The main function of Analysis.C is simply used for calling the applyCorrections function which takes as a parameter the name of the ROOT-file (without the .root-part), path to the ROOT-file and a boolean value of whether the file contains data (true) or MC (false). The data file is now commented because it would take too much time to run it during the workshop.
void Analysis::main()
{
// Data
// applyCorrections("Run2012BC_DoubleMuParked_Muons", "root://eospublic.cern.ch//eos/opendata/cms/derived-data/AOD2NanoAODOutreachTool/Run2012BC_DoubleMuParked_Muons.root", true);
// MC
applyCorrections("ZZTo2e2mu", "root://eospublic.cern.ch//eos/opendata/cms/upload/stefan/HiggsToFourLeptonsNanoAODOutreachAnalysis/ZZTo2e2mu.root", false);
}
The first thing applyCorrections does is create a TTree from the ROOT-file. Then variables for holding the values read from the tree are created and branch addresses are set so that the variables are populated when looping over events. New branches for the corrected values, an output file and a few variables needed for the corrections are also created.

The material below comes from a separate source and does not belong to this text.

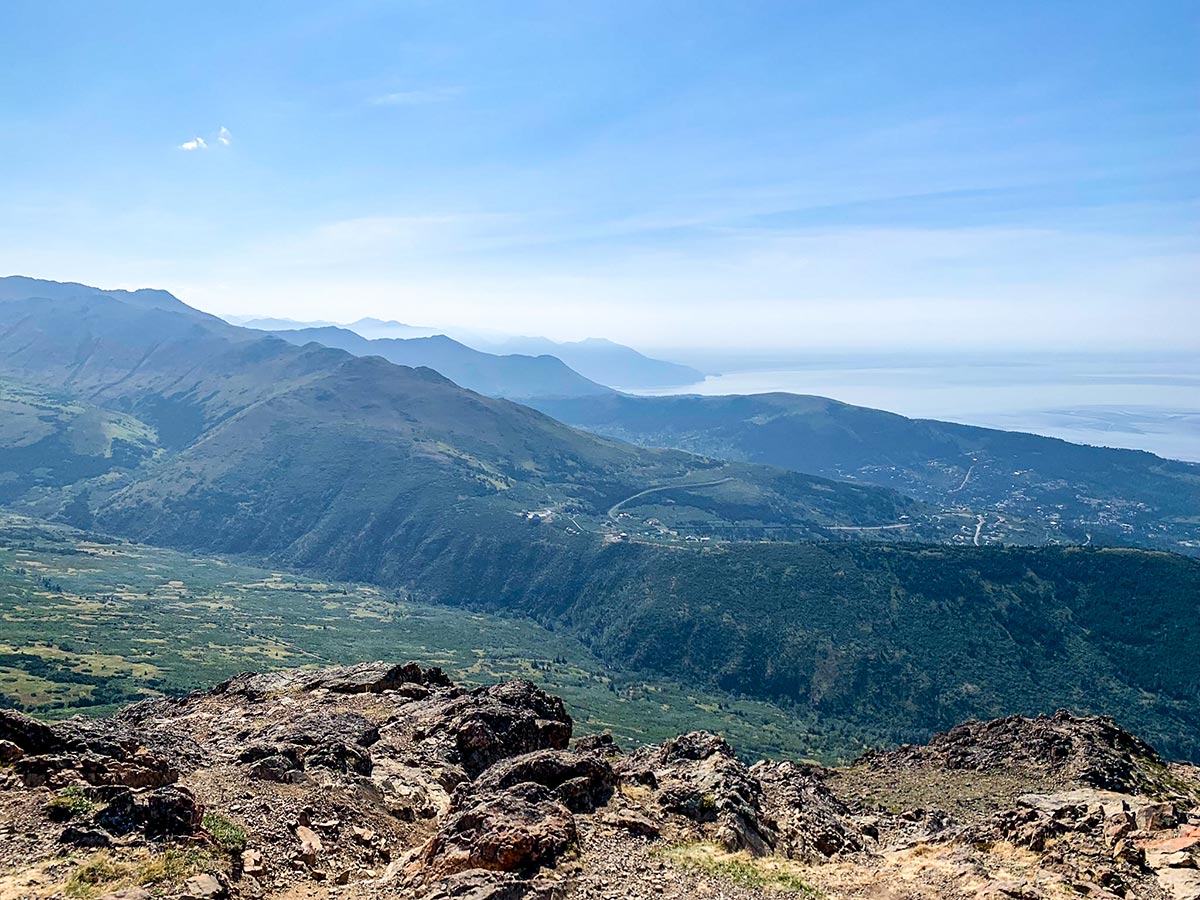 Looking towards Anchorage from top of Flattop Mountain Trail in Alaska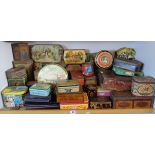 Large collection of old tins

int applyCorrections(string filename, string pathToFile, bool isData) {
// Create TTree from ROOT file
TFile *f1 = TFile::Open((pathToFile).c_str());
TTree *DataTree = (TTree*)f1->Get("Events");
Next, we loop over the events and apply the corrections. We are later going to do an exercise to make sure the corrections have been applied correctly. We are going to need the invariant mass of μ+μ-, which is why the events are filtered to muon pairs with opposite charges and the invariant mass is computed.
// Loop over events
Int_t nEntries = (Int_t)DataTree->GetEntries();
for (Int_t k=0; k<nEntries; k++) {
DataTree->GetEntry(k);
// Select events with exactly two muons
if (nMuon == 2 ) {
// Select events with two muons of opposite charge
if (Muon_charge[0] != Muon_charge[1]) {
// Compute invariant mass of the dimuon system
Dimuon_mass = computeInvariantMass(Muon_pt[0], Muon_pt[1], Muon_eta[0], Muon_eta[1], Muon_phi[0], Muon_phi[1], Muon_mass[0], Muon_mass[1]);
bDimuon_mass->Fill();
We then loop over the muons in an event and create a TLorentzVector for each muon. The functions for applying the Rochester Corrections take as a parameter a TLorentzVector which is a four-vector that describes the muons momentum and energy. As mentioned earlier, the muon momentum scale corrections are different for data and MC and therefore there are separate functions for both: momcor_data and momcor_mc. These functions can be found in rochcor2012wasym.cc if you want to take a closer look at them.
// Loop over muons in event
for (UInt_t i=0; i<nMuon; i++) {
// Fill positive and negative muons eta branches
if (Muon_charge[i] > 0) {
Muon_eta_pos[i] = Muon_eta[i];
bMuon_eta_pos->Fill();
} else {
Muon_eta_neg[i] = Muon_eta[i];
bMuon_eta_neg->Fill();
}
// Create TLorentzVector
TLorentzVector mu;
mu.SetPtEtaPhiM(Muon_pt[i], Muon_eta[i], Muon_phi[i], Muon_mass[i]);
// Apply the corrections
if (isData) {
rmcor.momcor_data(mu, Muon_charge[i], runopt, qter);
} else {
rmcor.momcor_mc(mu, Muon_charge[i], ntrk, qter);
}
The corrected values are then saved to the new branches and the corrected invariant mass is computed. The new tree is filled and written to the output file.
// Save corrected values
Muon_pt_cor[i] = mu.Pt();
bMuon_pt_cor->Fill();
Muon_eta_cor[i] = mu.Eta();
bMuon_eta_cor->Fill();
Muon_phi_cor[i] = mu.Phi();
bMuon_phi_cor->Fill();
Muon_mass_cor[i] = mu.M();
bMuon_mass_cor->Fill();
}
// Compute invariant mass of the corrected dimuon system
Dimuon_mass_cor = computeInvariantMass(Muon_pt_cor[0], Muon_pt_cor[1], Muon_eta_cor[0], Muon_eta_cor[1], Muon_phi_cor[0], Muon_phi_cor[1], Muon_mass_cor[0], Muon_mass_cor[1]);
bDimuon_mass_cor->Fill();
}
}
//Fill the corrected values to the new tree
DataTreeCor->Fill();
}
//Save the new tree
DataTreeCor->Write();
Compile and run Analysis.C by running the following lines in your ROOT-terminal. You will get a bunch of warnings but you can safely ignore them.
.L RochesterCorrections/Test/Analysis.C+
Analysis pf
pf.main()
And that’s it! As a result you can find ZZTo2e2mu_Cor.root in the Test directory. The file contains both corrected and uncorrected values.
Key Points
Rochester corrections are used to scale the muon momentum so that simulation better matches data.